*Data excerpts*.
^^^^^^^^^^^^^^^^

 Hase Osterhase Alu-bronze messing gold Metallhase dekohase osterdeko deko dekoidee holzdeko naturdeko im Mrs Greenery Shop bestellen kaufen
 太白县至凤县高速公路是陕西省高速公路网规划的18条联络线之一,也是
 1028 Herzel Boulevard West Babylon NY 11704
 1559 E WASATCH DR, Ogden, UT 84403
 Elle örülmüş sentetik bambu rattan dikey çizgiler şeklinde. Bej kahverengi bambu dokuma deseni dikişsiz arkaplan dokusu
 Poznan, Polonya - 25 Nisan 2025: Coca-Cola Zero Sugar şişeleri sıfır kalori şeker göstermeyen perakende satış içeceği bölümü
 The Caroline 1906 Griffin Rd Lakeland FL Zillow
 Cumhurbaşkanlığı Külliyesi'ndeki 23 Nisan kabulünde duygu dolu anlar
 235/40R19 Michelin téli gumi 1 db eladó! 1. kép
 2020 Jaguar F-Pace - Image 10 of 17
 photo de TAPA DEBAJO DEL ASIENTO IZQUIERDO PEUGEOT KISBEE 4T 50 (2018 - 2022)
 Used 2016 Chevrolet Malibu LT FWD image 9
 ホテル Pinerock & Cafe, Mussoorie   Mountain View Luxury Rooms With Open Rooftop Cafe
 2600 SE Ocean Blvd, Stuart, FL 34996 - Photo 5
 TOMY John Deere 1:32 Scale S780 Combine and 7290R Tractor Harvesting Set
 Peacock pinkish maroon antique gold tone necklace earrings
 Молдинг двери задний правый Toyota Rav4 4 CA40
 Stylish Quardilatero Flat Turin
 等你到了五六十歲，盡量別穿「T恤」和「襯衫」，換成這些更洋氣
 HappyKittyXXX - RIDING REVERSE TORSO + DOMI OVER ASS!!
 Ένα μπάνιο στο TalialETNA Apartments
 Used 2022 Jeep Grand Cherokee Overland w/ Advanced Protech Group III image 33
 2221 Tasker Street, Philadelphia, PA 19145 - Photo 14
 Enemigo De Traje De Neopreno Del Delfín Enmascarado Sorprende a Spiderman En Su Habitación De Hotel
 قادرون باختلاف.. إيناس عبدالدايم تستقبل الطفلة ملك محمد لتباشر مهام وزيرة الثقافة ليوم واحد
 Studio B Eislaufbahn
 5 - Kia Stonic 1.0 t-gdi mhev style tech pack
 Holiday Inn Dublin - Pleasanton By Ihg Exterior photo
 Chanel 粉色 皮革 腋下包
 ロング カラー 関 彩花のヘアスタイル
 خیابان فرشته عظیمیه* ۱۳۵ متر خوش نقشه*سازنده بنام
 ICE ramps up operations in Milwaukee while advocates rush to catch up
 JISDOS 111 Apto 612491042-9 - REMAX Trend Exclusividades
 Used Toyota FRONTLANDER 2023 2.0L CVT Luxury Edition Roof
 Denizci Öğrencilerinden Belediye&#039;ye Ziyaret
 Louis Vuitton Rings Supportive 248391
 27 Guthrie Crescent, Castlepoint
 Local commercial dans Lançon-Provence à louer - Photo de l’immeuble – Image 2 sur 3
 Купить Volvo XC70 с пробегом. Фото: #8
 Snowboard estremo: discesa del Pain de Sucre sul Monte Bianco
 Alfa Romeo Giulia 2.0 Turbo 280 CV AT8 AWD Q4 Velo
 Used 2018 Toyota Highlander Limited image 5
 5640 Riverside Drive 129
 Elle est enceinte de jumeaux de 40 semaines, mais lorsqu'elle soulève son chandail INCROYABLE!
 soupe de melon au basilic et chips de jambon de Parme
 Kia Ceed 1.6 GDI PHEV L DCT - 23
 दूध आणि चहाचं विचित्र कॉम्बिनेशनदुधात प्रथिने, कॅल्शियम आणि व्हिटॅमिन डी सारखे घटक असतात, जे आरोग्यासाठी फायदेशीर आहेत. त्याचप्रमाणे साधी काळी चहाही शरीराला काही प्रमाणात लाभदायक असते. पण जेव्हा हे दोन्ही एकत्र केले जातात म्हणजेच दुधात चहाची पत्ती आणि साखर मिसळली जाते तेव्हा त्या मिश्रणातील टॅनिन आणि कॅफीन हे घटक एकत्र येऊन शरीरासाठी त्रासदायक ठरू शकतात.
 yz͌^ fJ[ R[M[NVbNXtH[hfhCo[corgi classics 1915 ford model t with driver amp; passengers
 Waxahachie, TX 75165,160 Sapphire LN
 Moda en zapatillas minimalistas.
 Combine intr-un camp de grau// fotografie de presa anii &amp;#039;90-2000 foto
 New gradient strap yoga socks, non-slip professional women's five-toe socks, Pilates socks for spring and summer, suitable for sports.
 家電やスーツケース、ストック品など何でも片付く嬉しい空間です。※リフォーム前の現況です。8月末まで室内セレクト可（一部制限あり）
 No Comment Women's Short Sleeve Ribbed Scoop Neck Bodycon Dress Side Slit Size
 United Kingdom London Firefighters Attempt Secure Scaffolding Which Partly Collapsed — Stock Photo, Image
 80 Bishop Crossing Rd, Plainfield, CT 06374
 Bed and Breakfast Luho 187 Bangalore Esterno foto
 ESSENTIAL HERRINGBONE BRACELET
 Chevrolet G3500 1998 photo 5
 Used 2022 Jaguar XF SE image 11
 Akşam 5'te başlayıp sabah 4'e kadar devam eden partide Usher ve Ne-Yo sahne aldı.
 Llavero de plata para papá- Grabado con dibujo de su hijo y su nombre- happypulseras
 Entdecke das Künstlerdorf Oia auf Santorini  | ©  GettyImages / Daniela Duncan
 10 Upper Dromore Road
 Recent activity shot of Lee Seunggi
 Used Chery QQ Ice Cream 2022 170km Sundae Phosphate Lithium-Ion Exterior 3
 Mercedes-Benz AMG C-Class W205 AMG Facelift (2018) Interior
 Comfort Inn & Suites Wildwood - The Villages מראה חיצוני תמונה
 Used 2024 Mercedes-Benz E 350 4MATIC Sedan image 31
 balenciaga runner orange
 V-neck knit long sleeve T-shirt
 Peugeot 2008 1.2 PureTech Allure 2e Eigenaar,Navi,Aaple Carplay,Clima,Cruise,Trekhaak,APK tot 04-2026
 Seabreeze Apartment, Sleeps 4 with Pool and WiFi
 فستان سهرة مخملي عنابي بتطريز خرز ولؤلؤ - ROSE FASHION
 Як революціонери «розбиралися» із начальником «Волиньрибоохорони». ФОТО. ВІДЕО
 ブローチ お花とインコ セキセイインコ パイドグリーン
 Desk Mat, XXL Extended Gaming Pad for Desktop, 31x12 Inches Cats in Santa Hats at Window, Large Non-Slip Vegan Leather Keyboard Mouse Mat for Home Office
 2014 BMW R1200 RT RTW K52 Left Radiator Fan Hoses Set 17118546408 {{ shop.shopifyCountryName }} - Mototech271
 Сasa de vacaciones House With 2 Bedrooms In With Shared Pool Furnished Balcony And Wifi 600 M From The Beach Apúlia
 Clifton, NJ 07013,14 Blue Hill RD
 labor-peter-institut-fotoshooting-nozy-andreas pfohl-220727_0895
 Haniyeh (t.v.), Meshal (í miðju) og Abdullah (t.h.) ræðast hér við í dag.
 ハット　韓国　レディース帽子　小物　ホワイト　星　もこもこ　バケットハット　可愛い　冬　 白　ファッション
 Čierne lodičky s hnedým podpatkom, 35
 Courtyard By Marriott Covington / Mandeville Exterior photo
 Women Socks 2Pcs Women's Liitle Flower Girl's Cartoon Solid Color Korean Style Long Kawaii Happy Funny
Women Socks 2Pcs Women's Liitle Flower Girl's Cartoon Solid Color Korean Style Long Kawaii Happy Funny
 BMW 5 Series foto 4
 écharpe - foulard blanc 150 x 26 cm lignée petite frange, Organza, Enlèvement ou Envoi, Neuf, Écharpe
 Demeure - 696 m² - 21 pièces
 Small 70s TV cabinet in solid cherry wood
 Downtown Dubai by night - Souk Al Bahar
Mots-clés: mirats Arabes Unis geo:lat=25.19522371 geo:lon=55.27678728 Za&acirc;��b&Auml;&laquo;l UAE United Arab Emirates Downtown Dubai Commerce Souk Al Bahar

^^^^^^^^^^^^^^^^

*Problem to solve*.
Start with the line above that contains "Kia Ceed 1.6 GDI PHEV L DCT - 23" and stop after the line that contains "दूध आणि चहाचं". Output those lines exactly, and only those.

*Problem solution*.
 Kia Ceed 1.6 GDI PHEV L DCT - 23
 दूध आणि चहाचं विचित्र कॉम्बिनेशनदुधात प्रथिने, कॅल्शियम आणि व्हिटॅमिन डी सारखे घटक असतात, जे आरोग्यासाठी फायदेशीर आहेत. त्याचप्रमाणे साधी काळी चहाही शरीराला काही प्रमाणात लाभदायक असते. पण जेव्हा हे दोन्ही एकत्र केले जातात म्हणजेच दुधात चहाची पत्ती आणि साखर मिसळली जाते तेव्हा त्या मिश्रणातील टॅनिन आणि कॅफीन हे घटक एकत्र येऊन शरीरासाठी त्रासदायक ठरू शकतात.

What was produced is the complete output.